Reset Reason
Embedded systems, especially early in the development process, tend to reboot pretty often. They can reboot for a lot of reasons:
- A firmware update
- A hardware bug
- A software bug
- Low battery
- Coming in and out of sleep mode
And a lot more reasons!
The problem is, you can't always tell why. Your system was sitting there all fine, and then it blinked the "reboot" sequence, or you saw the boot screen flash for a second.
What was that? An off-by-one error in the code? Did the power supply hiccup? Have your device tell you!
Often, your CPU will have status register that reports some reasons. These often include:
- Power brown-out
- Debugger commanded reboot
- Clean Power-On
- Watchdog timeout
- Reboot due to exceptions
These are one cause for resets, but there are often others.
If you hit a panic!(), an unwrap!(), or a failed assert in your code, you may do a software reset that looks the same as rebooting into the bootloader.
For these reasons, you may also want to store some trace of this BEFORE you reboot.
Often, the easiest way to do this is to put it in a chunk of RAM that doesn't get initialized on boot. The idea is that:
- When you panic, write a flag to uninit memory
- Cause a soft reset
- On boot, check for that flag
- If you see it, report it then clear the flag
You also may want to write a "magic word" to memory, to ensure that you can tell the difference between a random set-bit in memory, and an intentionally set flag. Another option is to have a longer section of data, and include a CRC.
You should wipe the CRC or magic word on read.
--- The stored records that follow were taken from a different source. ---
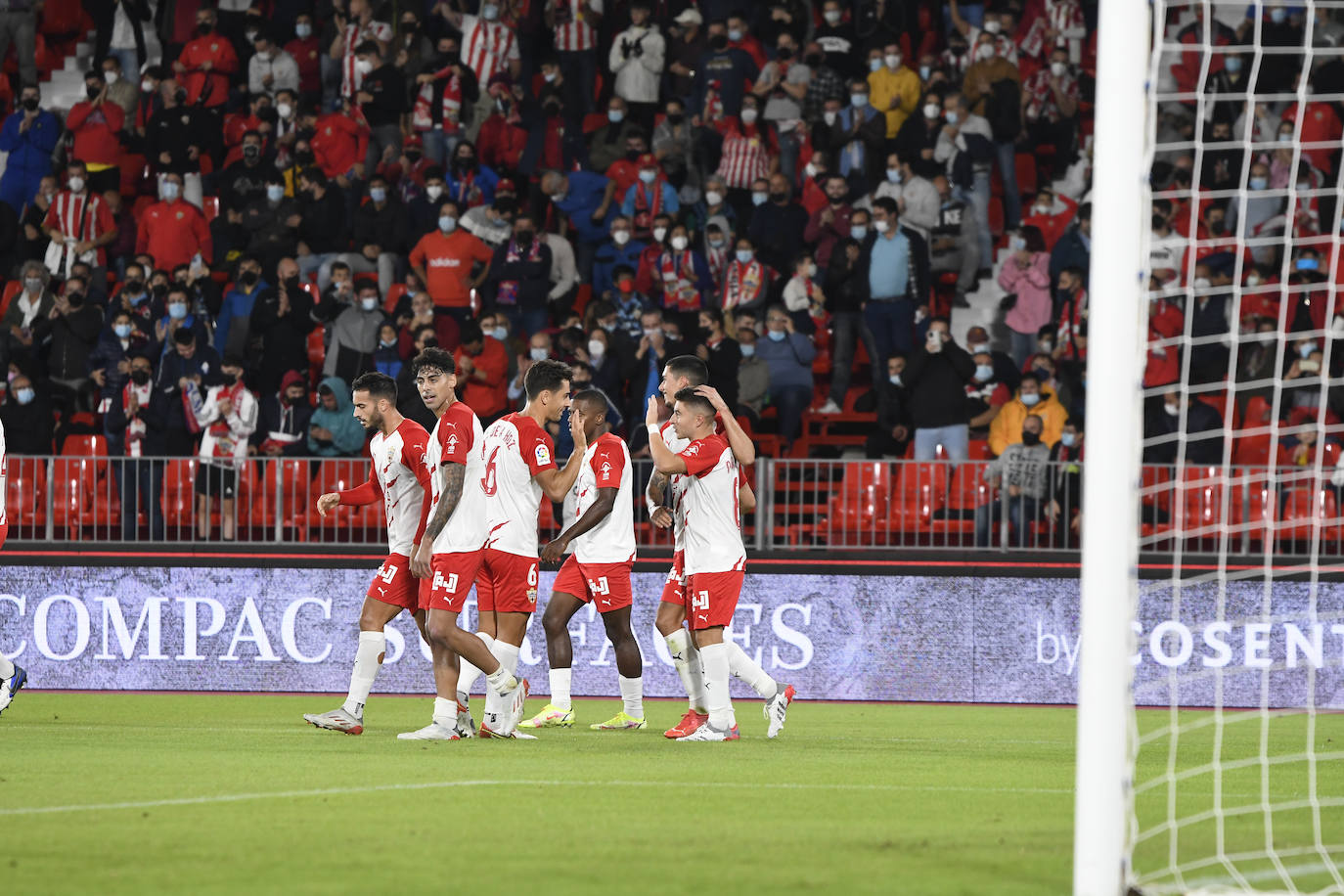 Victoria sufrida de la UD Almería ante el Leganés.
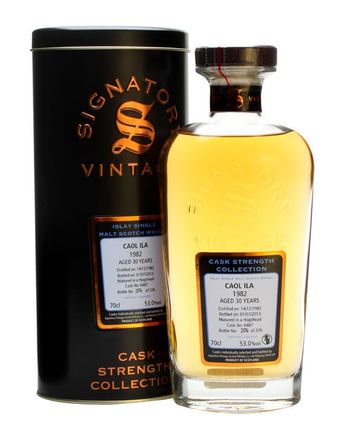 Caol Ila 1982 30 ans Cask #6487 Signatory Cask Strength Collection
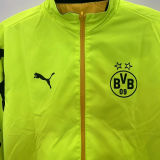 2026 BVB Yellow And Green Reversible Windbreaker 双面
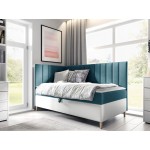 Καναπές κρεβάτι Junior Maja III-Petrol-90 x 200-Aristera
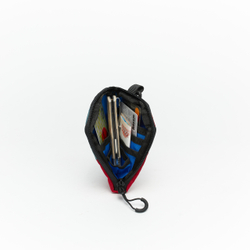 Кошелек Bow Wallet серый/красный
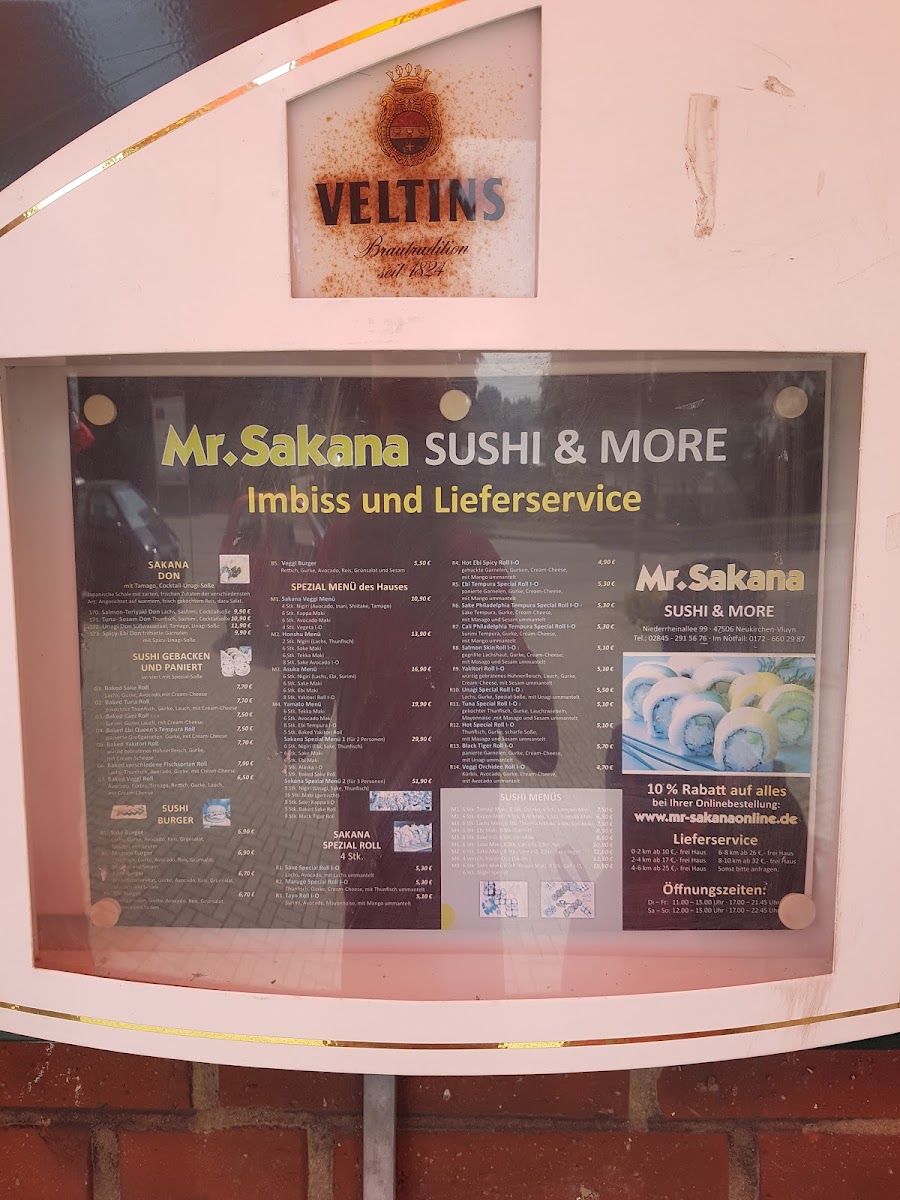 Mr. Sakana Photo Menu 2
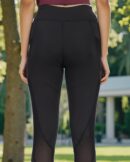 Activewear Ankle Length Mesh Panelled Sports Leggings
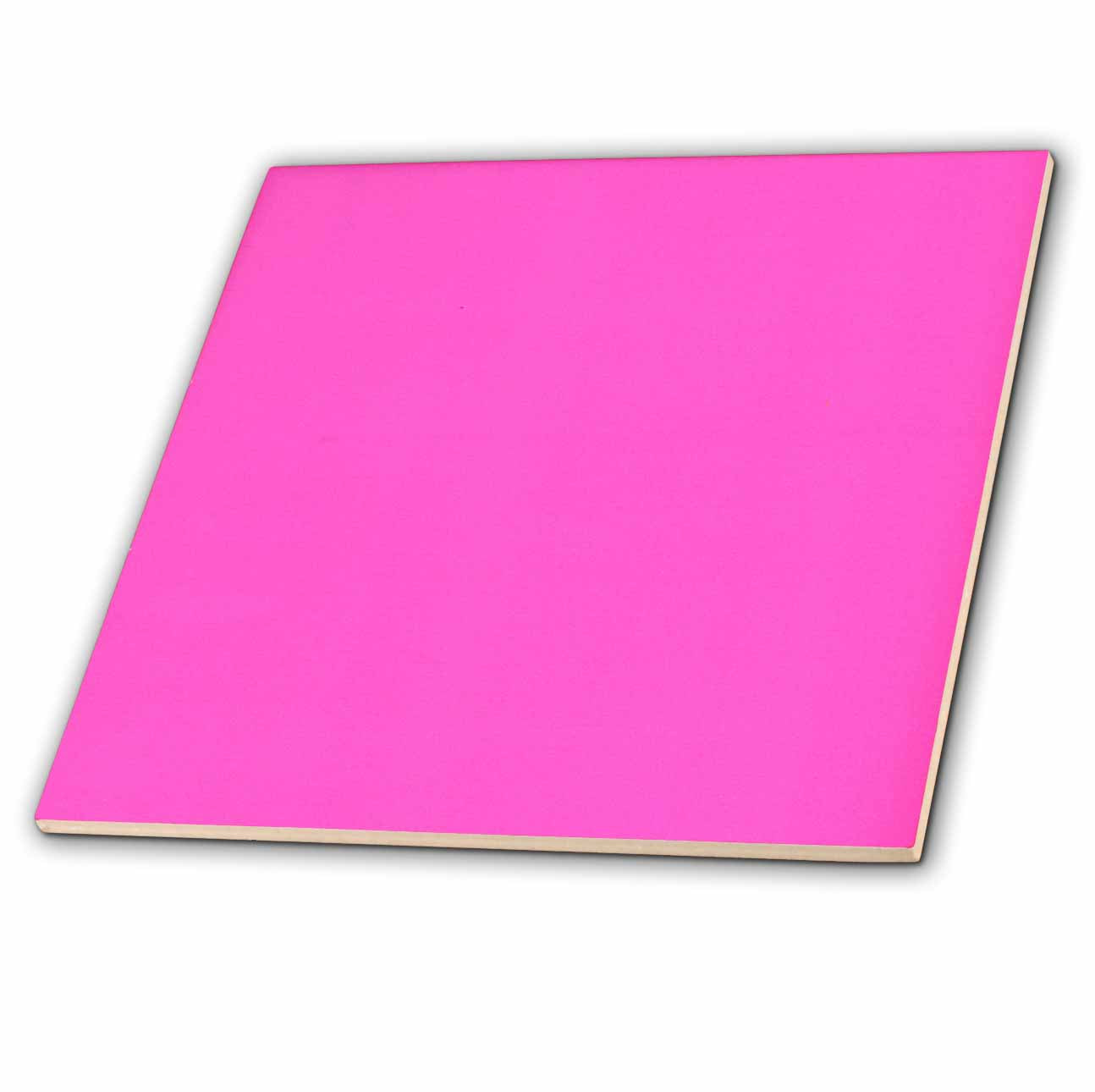 3dRose Florene Designer Colors - Hot Pink - Tiles (ct_34666)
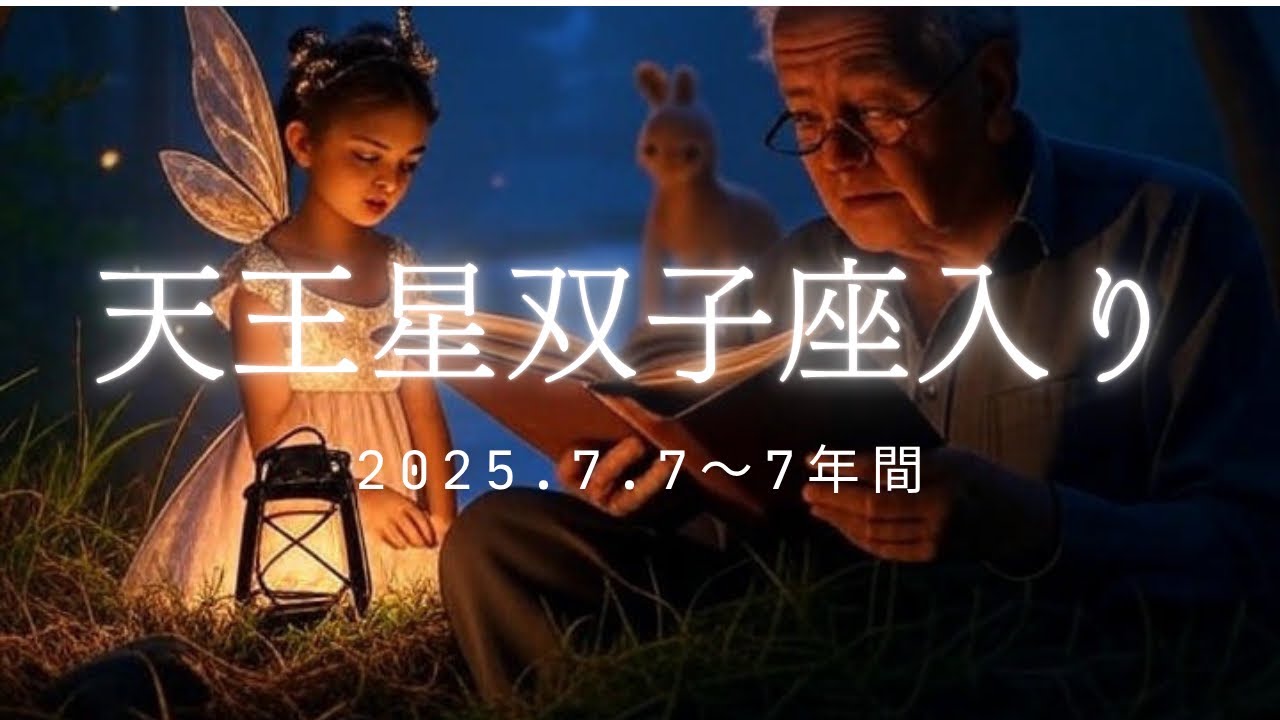 【天王星双子座入り】2025.7/7〜7年間について「学び移動コミュニケーションの大きな変化」📝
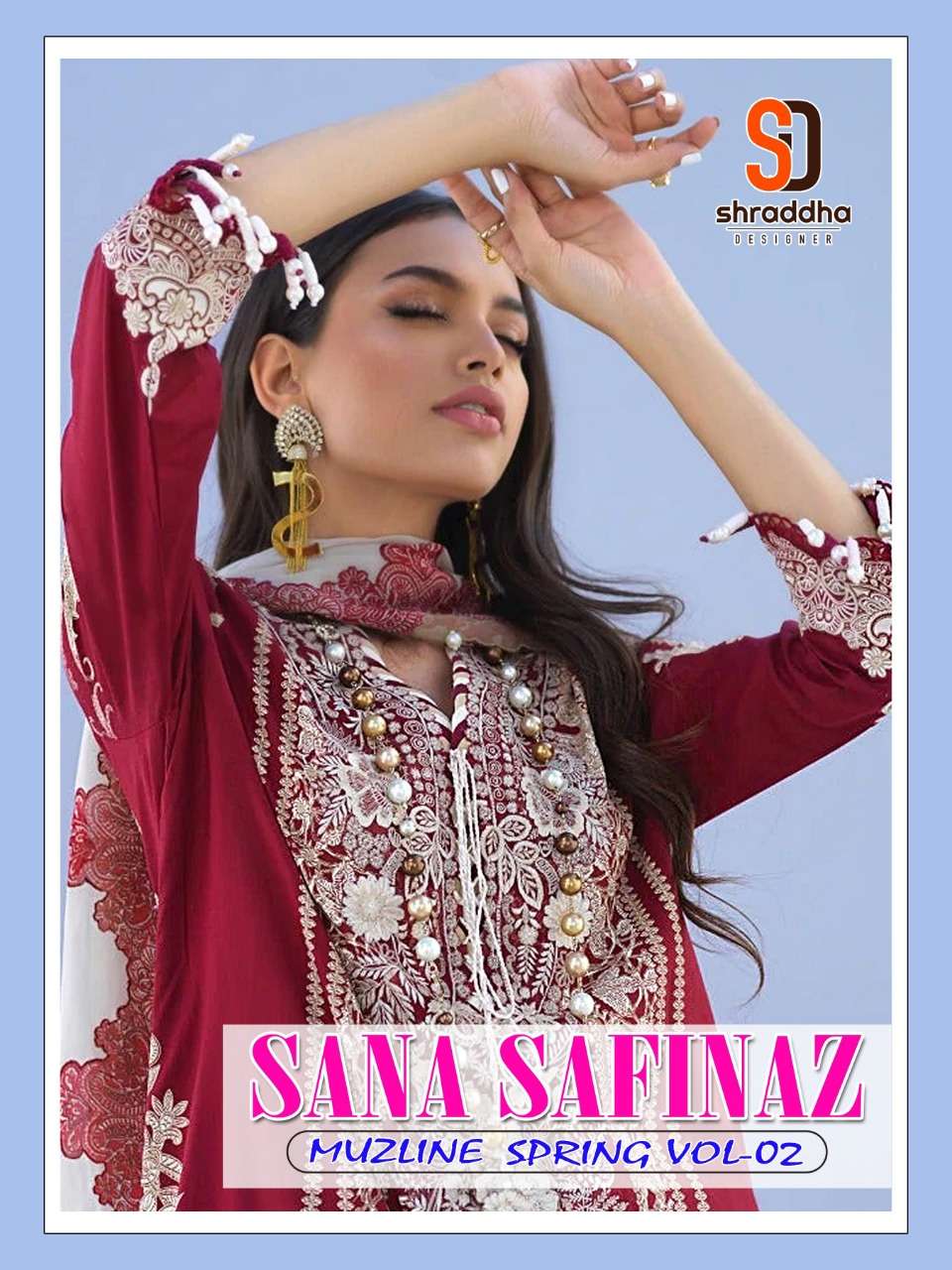 SANA SAFINAZ MUZLINE SPRING VOL-2 BY SHRADDHA DESIGNER 2001 TO 2006 SERIES LAWN COTTON DRESSES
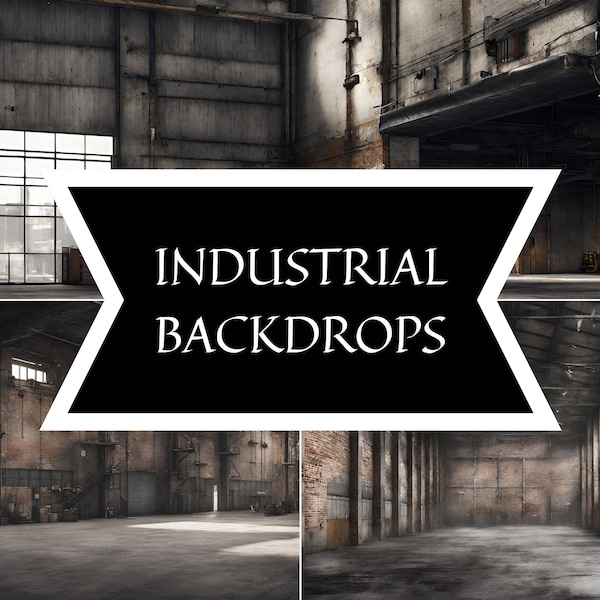Industrial Backdrop Bundle: High-Quality Digital Backgrounds for Photography & Design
By the way, I wrote a panic handler in Rust to manage this for cortex-m devices, it's called panic-persist. You can see it here: https://docs.rs/panic-persist
It stores the panic message to a reserved RAM section, so you can retrieve it after boot and send over a serial port or such.
But why are we doing this all AFTER the reboot? If we could set a flag, why can't we just log the error when it occurs?
Well for some reasons, like a power outage, we may not get a chance to respond! And if you overflow the stack, we might not be able to actually do anything.
So instead, we try to do as little as possible in the "bad" times, and instead push that to the next reboot, which is likely the next time our system is in a "reasonable" condition.
At this point, we can decide whether to print to UART, send over ETH, or write to flash.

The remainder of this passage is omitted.